Block, G, Jensen, C, Dietrich, M, Norkus, EP, Hudes, M, Packer, L
Journal of the American College of Nutrition. 2004;(2):141-7
Abstract
OBJECTIVE C-reactive protein (CRP) may directly affect the progression of atherosclerosis, and therefore, may be a target for reducing disease risk. The objective was to determine whether antioxidant supplementation reduces plasma CRP in active and passive smokers. DESIGN Randomized, double-blind, placebo-controlled, parallel group trial with 2 months exposure to study supplements. SETTING Berkeley and Oakland, California. SUBJECTS Healthy adult men and women, consuming <4 daily servings of fruits and vegetables, and who were actively or passively exposed to cigarette smoke.
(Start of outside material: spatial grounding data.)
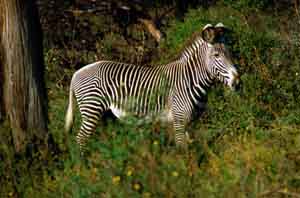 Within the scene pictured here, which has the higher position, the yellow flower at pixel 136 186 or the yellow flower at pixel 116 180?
the yellow flower at pixel 116 180

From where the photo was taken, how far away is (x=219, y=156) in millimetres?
6238

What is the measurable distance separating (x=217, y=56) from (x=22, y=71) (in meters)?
2.60

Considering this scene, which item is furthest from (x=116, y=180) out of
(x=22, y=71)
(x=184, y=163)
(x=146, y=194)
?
(x=22, y=71)

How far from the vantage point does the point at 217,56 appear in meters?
9.27

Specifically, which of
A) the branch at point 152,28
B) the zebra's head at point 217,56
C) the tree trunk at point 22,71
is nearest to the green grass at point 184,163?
the tree trunk at point 22,71

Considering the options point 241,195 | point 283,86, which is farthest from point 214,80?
point 241,195

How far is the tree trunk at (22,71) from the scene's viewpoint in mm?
7652

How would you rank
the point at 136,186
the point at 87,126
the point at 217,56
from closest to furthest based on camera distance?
1. the point at 136,186
2. the point at 217,56
3. the point at 87,126

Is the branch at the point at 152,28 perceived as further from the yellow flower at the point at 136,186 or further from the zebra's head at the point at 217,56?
the yellow flower at the point at 136,186

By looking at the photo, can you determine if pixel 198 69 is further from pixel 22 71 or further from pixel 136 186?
pixel 136 186

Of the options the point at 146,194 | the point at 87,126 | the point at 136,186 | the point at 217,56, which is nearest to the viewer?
the point at 146,194

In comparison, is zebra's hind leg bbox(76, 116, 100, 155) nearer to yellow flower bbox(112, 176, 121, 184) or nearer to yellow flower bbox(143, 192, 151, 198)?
yellow flower bbox(112, 176, 121, 184)

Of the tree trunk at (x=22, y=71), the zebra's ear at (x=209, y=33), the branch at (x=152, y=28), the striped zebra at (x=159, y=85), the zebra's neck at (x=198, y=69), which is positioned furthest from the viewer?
the branch at (x=152, y=28)

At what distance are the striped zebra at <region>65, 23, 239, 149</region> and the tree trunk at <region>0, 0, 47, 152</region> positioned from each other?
3.52ft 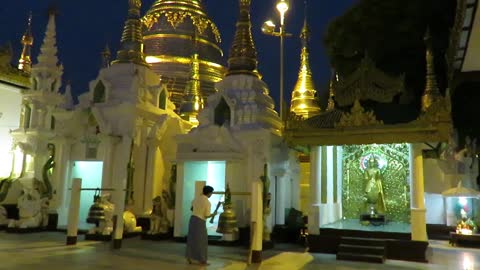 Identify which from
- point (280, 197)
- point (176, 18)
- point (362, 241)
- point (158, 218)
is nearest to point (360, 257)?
point (362, 241)

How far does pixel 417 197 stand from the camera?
10.7 metres

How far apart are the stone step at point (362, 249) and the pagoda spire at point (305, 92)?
35.8 ft

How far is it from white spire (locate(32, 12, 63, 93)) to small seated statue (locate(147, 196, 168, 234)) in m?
8.01

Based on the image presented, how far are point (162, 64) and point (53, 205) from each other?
11.6 metres

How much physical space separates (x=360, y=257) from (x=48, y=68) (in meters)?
15.0

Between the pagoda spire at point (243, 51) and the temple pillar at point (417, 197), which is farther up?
the pagoda spire at point (243, 51)

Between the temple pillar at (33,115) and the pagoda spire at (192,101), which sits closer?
the temple pillar at (33,115)

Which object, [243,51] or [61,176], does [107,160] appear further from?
[243,51]

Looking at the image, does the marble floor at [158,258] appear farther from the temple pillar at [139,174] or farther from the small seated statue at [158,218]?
the temple pillar at [139,174]

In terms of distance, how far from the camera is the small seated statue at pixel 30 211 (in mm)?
14742

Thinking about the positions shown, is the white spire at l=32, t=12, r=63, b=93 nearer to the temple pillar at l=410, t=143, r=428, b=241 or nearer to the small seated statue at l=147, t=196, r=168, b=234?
the small seated statue at l=147, t=196, r=168, b=234

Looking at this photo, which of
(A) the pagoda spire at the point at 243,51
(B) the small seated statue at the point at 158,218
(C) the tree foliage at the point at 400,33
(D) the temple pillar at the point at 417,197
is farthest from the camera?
(C) the tree foliage at the point at 400,33

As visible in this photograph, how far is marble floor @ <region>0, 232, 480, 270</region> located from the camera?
8.84 meters

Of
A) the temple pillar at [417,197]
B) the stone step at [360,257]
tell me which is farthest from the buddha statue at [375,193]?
the stone step at [360,257] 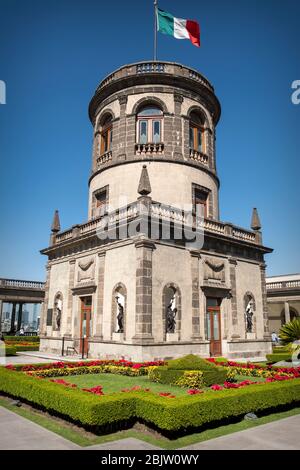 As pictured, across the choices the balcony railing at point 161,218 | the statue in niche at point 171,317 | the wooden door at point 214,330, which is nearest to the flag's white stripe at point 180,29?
the balcony railing at point 161,218

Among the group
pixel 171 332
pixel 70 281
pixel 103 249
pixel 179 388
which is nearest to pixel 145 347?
pixel 171 332

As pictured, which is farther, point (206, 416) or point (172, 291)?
point (172, 291)

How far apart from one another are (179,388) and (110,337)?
26.0 ft

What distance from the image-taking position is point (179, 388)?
13.4 m

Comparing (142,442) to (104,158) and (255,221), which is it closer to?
(104,158)

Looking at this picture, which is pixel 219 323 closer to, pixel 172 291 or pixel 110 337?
pixel 172 291

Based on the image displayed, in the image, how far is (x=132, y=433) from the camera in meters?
8.52

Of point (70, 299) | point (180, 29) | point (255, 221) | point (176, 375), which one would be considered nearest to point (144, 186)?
point (176, 375)

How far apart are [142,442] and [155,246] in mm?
12563

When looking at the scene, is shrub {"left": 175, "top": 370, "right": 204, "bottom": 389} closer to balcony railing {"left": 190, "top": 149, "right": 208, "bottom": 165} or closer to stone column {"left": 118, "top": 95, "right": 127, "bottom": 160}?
stone column {"left": 118, "top": 95, "right": 127, "bottom": 160}

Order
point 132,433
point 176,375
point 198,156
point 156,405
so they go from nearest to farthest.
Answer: point 156,405, point 132,433, point 176,375, point 198,156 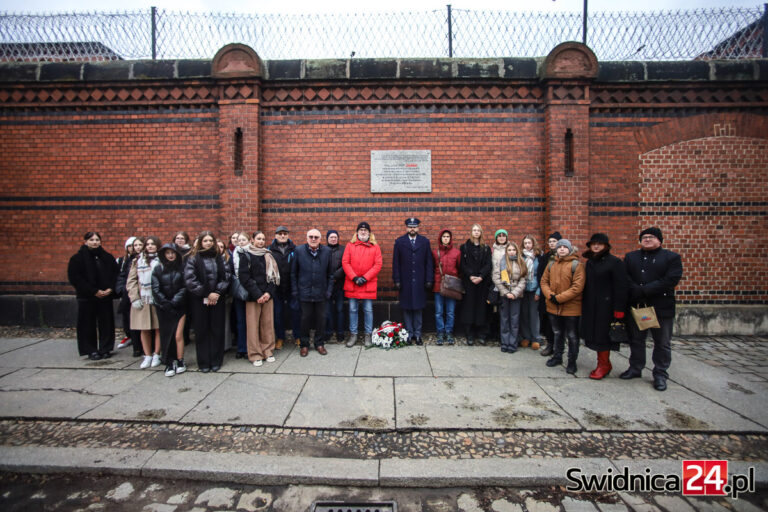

Analysis was limited to participants with detectable baseline CRP concentrations and no evidence of inflammation associated with acute illness at baseline or follow-up as reflected in CRP elevations (> or =10.0 mg/L). A total of 1393 individuals were screened, 216 randomized, 203 completed the study, and 160 were included in the analysis. INTERVENTIONS Participants were randomized to receive a placebo or vitamin C (515 mg/day) or antioxidant mixture (per day: 515 mg vitamin C, 371 mg alpha-tocopherol, 171 mg gamma-tocopherol, 252 mg mixed tocotrienols, and 95 mg alpha-lipoic acid). MEASURES OF OUTCOME Change in plasma CRP concentration. RESULTS Vitamin C supplementation yielded a 24.0% reduction (95% confidence interval, -38.9% to -5.5%, p = 0.036 compared to control) in plasma CRP, whereas the antioxidant mixture and placebo produced a nonsignificant 4.7% reduction (-23.9% to 19.3%) and 4.3% increase (-15.1% to 28.2%), respectively. Results were adjusted for baseline body mass index and CRP concentrations. CONCLUSIONS Plasma CRP itself may serve as a potential target for reducing the risk of atherosclerosis, and antioxidants, including vitamin C, should be investigated further to confirm their CRP-lowering and anti-inflammatory effects.